Single by O.T. Genasis featuring Young Dolph

from the album Rhythm & Bricks
- Released: September 25, 2015
- Recorded: 2015
- Genre: Hip hop; trap;
- Length: 3:42
- Label: Conglomerate; Atlantic;
- Songwriters: Odis Flores; Adolph Thornton Jr.; Montre Edmonds;
- Producer: ITrezBeats

O.T. Genasis singles chronology
| "Do It" (2015) | "Cut It" (2015) | "Push It" (2016) |

Young Dolph singles chronology
| "California" (2015) | "Cut It" (2015) | "Bling Blaww Burr" (2016) |

= Cut It =

2015 single by O.T. Genasis featuring Young Dolph

"Cut It" is a song by American rapper O.T. Genasis featuring fellow American rapper Young Dolph. Produced by ITrezBeats, the song was released on September 25, 2015 by Conglomerate and Atlantic Records, as a single from O.T.'s mixtape Rhythm & Bricks. The song was certified double platinum by the Recording Industry Association of America (RIAA) on August 3, 2017, for selling over 2,000,000 digital copies in the United States.

==Music video==
The song's accompanying music video premiered on October 9, 2015 on O.T. Genasis's YouTube account. Since its release, the music video has received over 220 million views on YouTube.

== Live performances ==
In 2016 Young Dolph performed his hit single "Cut It" live at the Royal South Central in Atlanta along with Solo Lucci and more to promote his debut album "King of Memphis". The performance was filmed by StayOnGrindTV's Director LookImHD.
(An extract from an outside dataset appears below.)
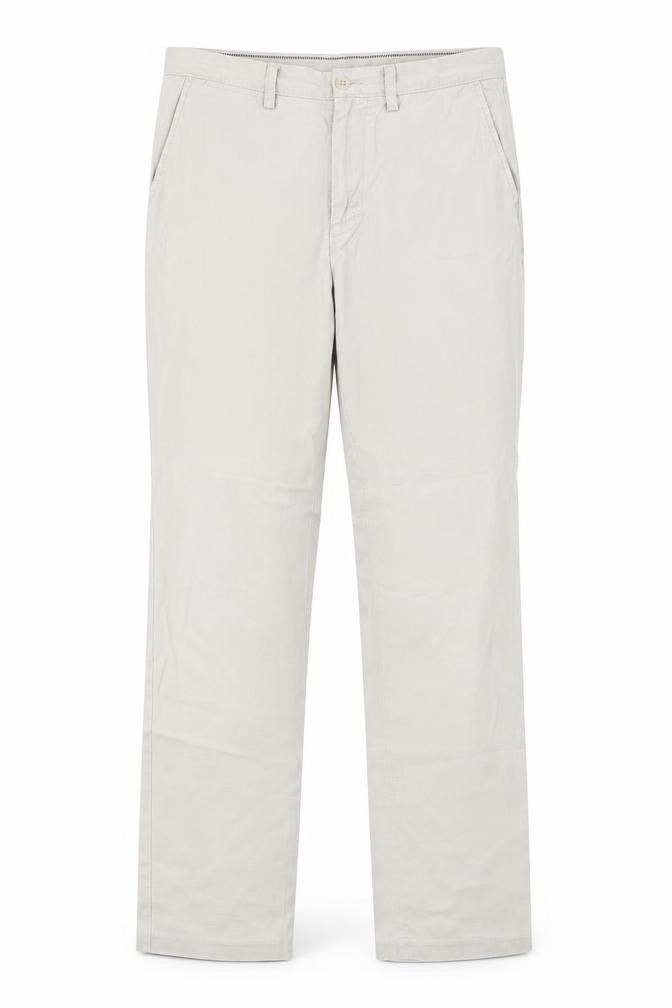 Front view of Nautica women’s beige cotton chino trousers, size UK 32, 30-inch leg regular button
==Commercial performance==
"Cut It" debuted at number 94 on the US Billboard Hot 100 for the chart dated March 12, 2016 and eventually peaked at number 35, becoming O.T. Genasis's second top 40 hit, after his song "CoCo", which peaked at number 20 in 2014. The song also became Young Dolph's first top 40 entry. "Cut It" was certified platinum by the RIAA on November 17, 2016 and 2x platinum on August 3, 2017.

==Remixes==
The official remix entitled "Cut It Remix: Part One" features Young Thug and Kevin Gates. The second remix entitled "Cut It Remix: Part Two" features Lil Wayne and T.I.

==Charts==

=== Weekly charts ===

| Chart (2016) | Peak position |
|---|---|
| Canada Hot 100 (Billboard) | 84 |
| US Billboard Hot 100 | 35 |
| US Hot R&B/Hip-Hop Songs (Billboard) | 11 |

===Year-end charts===

| Chart (2016) | Position |
|---|---|
| US Billboard Hot 100 | 91 |
| US Hot R&B/Hip-Hop Songs (Billboard) | 32 |

==Certifications==

| Region | Certification | Certified units/sales |
| United States (RIAA) | 2× Platinum | 2,000,000^{‡} |
^{‡} Sales+streaming figures based on certification alone.